None of the 12 entities holding a Category 3 licence from the MFSA have so far applied to become market-makers, which would bring much needed liquidity to the Malta Stock Exchange. However, Bank of Valletta seems to be quite open to the idea, noting, however, that the MSE is not offering any benefits.

The new rules were launched by the MSE on October 1, but out of the three banks and nine financial services providers eligible there is no sign that any will definitely come forward.

To be eligible, the entities must hold a Category 3 licence, meaning they must have an initial capital of €730,000. They must also maintain sufficient own funds to match or exceed their capital resources requirements.

The MSE Bye Law allows locally-licensed entities as well as those licensed by a competent European Economic Area authority with passporting rights.

A number of entities were asked whether they were interested in taking up this role and whether it would be for bonds, equities or government stocks – or all. They were also asked whether they would be interested in only acting as market-makers for specific equities or bonds – including their own where applicable.

HSBC Bank Malta sent a reply which was one step removed from a ‘no comment “HSBC Bank Malta is aware of the new policies issued by the MSE and continues to engage with the MSE on the matter.”
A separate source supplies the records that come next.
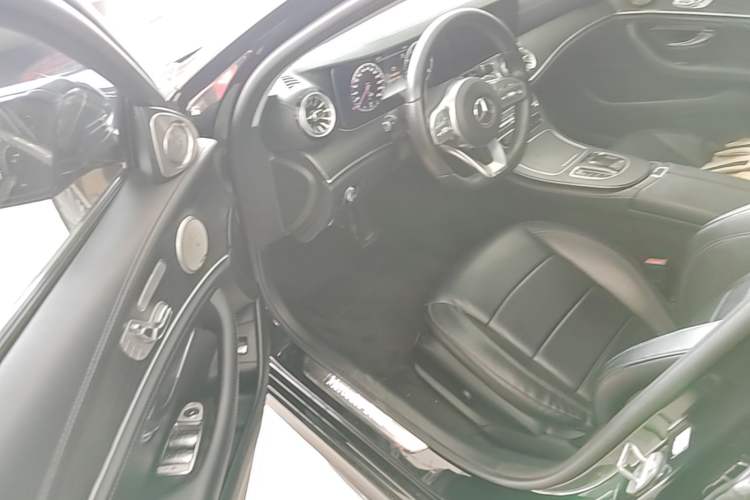 Used Mercedes-Benz E-Class 2019 Restyled E 300 L Sporty and Stylish Edition Driver Seat
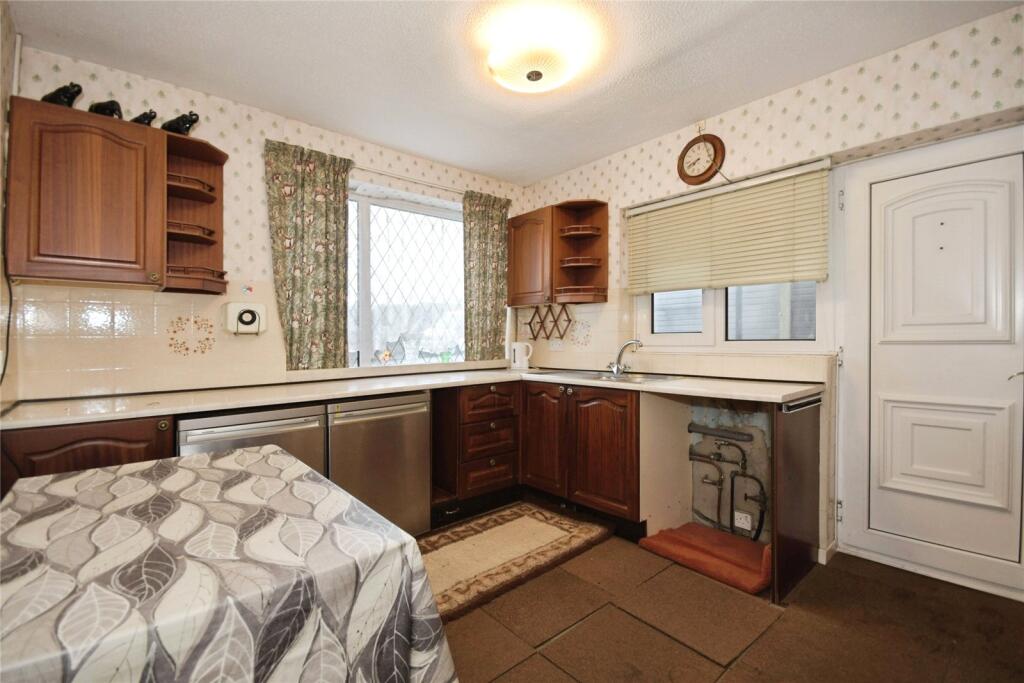 Central Drive, Buxton, Derbyshire, SK17 photo 4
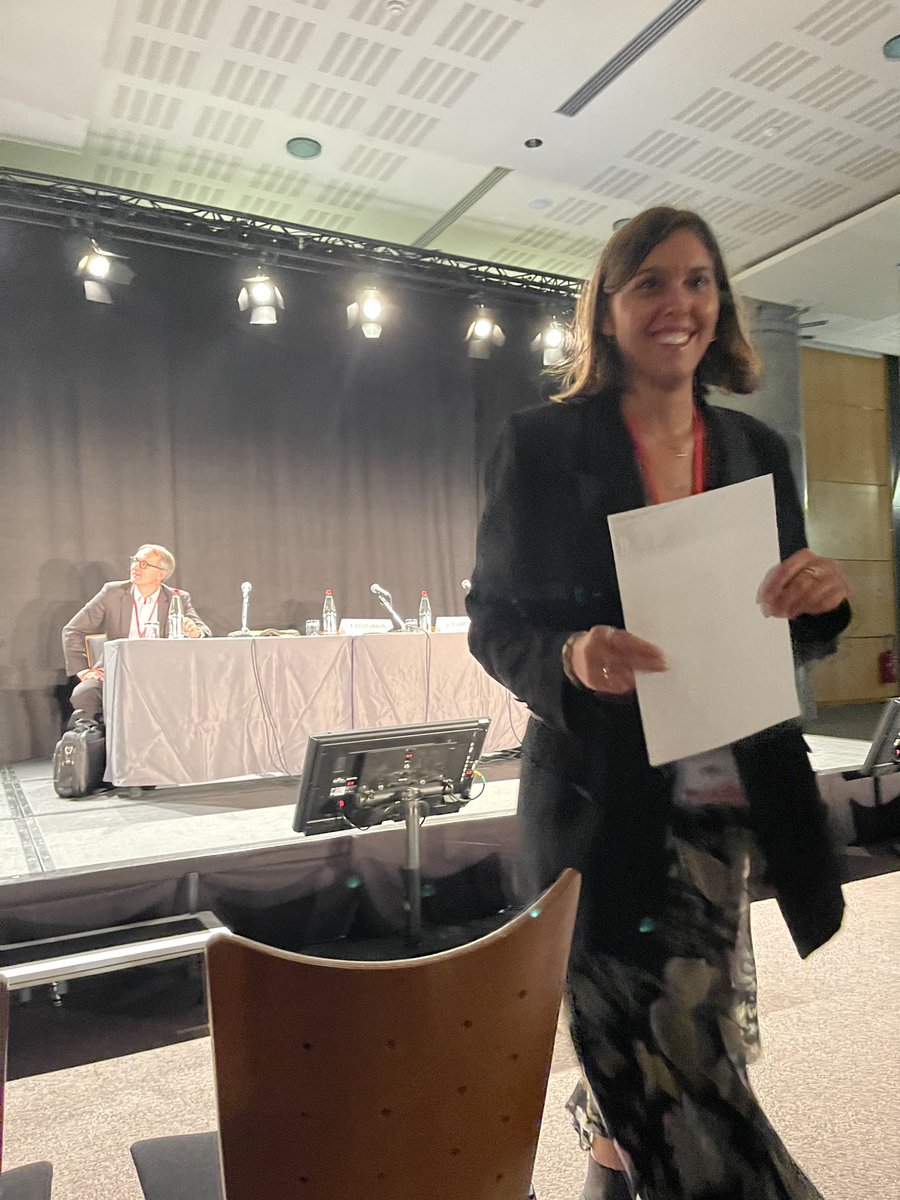 gabrielleSBart's tweet photo. Toutes mes félicitations à Barbara Leclercq pour le prix de la meilleure communication #cjmv #SFMV2022 sur son travail de thèse dirigé par le Dr @FrancoisSilhol sur la cohorte marseillaise #dfm ! @ClubVasculaire @lasfmv @alebura @SevestreMarie @AmarLaurence @aphm_actu #teamdfm https://t.co/Qpb9H866d5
Bank of Valletta, on the other hand, confirmed that they were “evaluating all possible options in this regard”.

“The bank welcomes the launching of these rules which allow for the regulated entry of market making practitioners to the local equity and fixed-interest markets,” a bank spokesman said.

“Having procedures in place is necessary to ensure a level playing field and equips possible participants with the necessary tools to formulate a business case. The bank is currently evaluating all possible options in this regard.

“The Exchange will be retaining the current order driven market and simultaneously introduce the quote driven market on particular securities. The two are different market systems, independent of each other and only used concurrently (hybrid system) in highly liquid securities, such as equities in the FTSE 100 Index, and practically never in the bond markets.

“The bank still needs to assess the impact of such a hybrid system on market-making practitioners, given the illiquid nature of all locally-traded securities. Furthermore the Exchange is not proposing any trade execution benefits to market making practitioners, in the form of liquidity rebates, as would be the norm inter­nationally. Further discussions are therefore required to arrive at an equitable solution. You will appreciate that a market-maker would aim to make money in both rising and falling markets by taking advantage of the spread offered. However, with the tariff structure and the hybrid system proposed, the profitable commercialisation of the activity for market-making practitioners is questionable.”

BoV said it would not rule out acting as market-maker in any category of security as long the operation was a viable one.

“The bank will be interested to act in such equities or bonds in line with our risk assessment on the individual security. It would also dependent on an efficient repo-market for bonds and the introduction of securities lending for equities.”